It’s also critical to figure out the sum of power our servers will need in a rack so that it falls under the PDU’s design max power capacity. For our US example, a PDU is typically 5kW (208 volts x 24 amps); therefore, we're budgeting 5kW and fit as many machines as we can under that. If we need more machines and the total sum power goes above 5kW, we'd need to provision another power source. That would lead to possibly another set of PDUs and racks that we may not fully use depending on demand; e.g. more underutilized costs. All we can do is abide by P = V x I.

However there is a way we can increase the max power capacity economically — 3-phase PDU. Compared to single phase, its max capacity is √3 or 1.7 times higher. A 3-phase PDU of the same US specs above has a capacity of 8.6kW (5kW x √3), allowing us to power more machines under the same source. Using a 3-phase setup might mean it has thicker cables and bigger plug; but despite being more expensive than a 1-phase, its value is higher compared to two 1-phase rack setups for these reasons:

It’s more cost-effective, because there are fewer hardware resources to buy
Say the computing demand adds up to 215kW of hardware, we would need 25 3-phase racks compared to 43 1-phase racks.
Each rack needs two PDUs for power redundancy. Using the example above, we would need 50 3-phase PDUs compared to 86 1-phase PDUs to power 215kW worth of hardware.
That also means a smaller rack footprint and fewer power sources provided and charged by the data center, saving us up to √3 or 1.7 times in opex.
It’s more resilient, because there are more circuit breakers in a 3-phase PDU — one more than in a 1-phase. For example, a 48-outlet PDU that is 1-phase would be split into two circuits of 24 outlets. While a 3-phase one would be split into 3 circuits of 16 outlets. If a breaker tripped, we’d lose 16 outlets using a 3-phase PDU instead of 24.

The PDU shown above is a 3-phase model of 48 outlets.
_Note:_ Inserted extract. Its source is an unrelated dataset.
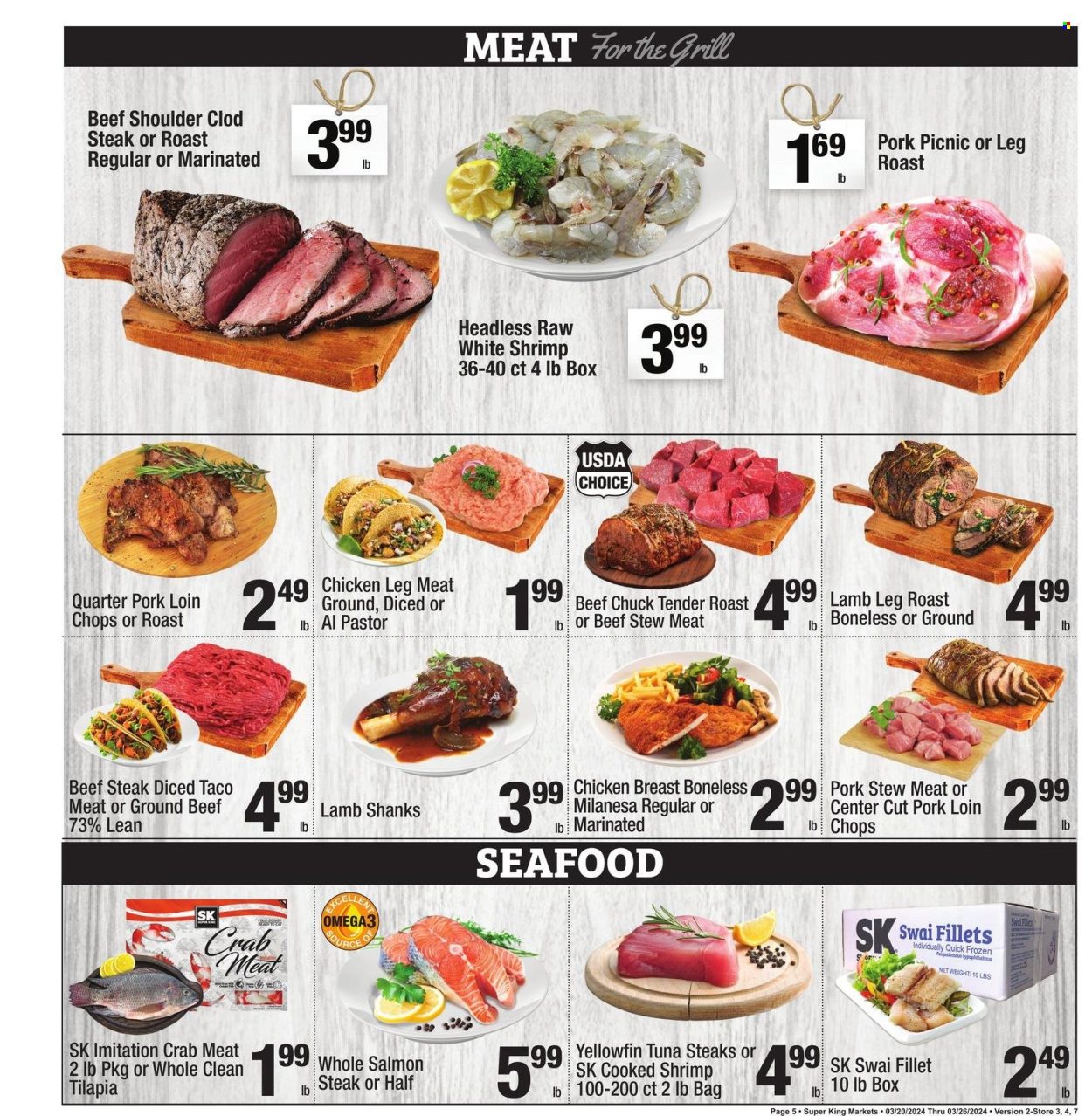 Super King Markets ad - 03/20/2024 - 03/26/2024. Page 5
We can see three pairs of circuit breakers for the three branches that are intertwined with each other — white, grey, and black. Industry demands today pressure engineers to maximize compute performance and minimize physical footprint, making the 3-phase PDU a widely-used part of operating a data center.

What is 3-phase?

A 3-phase AC generator has three coils instead of one where the coils are 120 degrees apart inside the cylindrical core, as shown in the figure below. Just like the 1-phase generator, current flow is induced by the rotation of the magnet thus creating power from each coil sequentially at every one-third of the magnet’s rotation cycle. In other words, we’re generating three 1-phase power offset by 120 degrees.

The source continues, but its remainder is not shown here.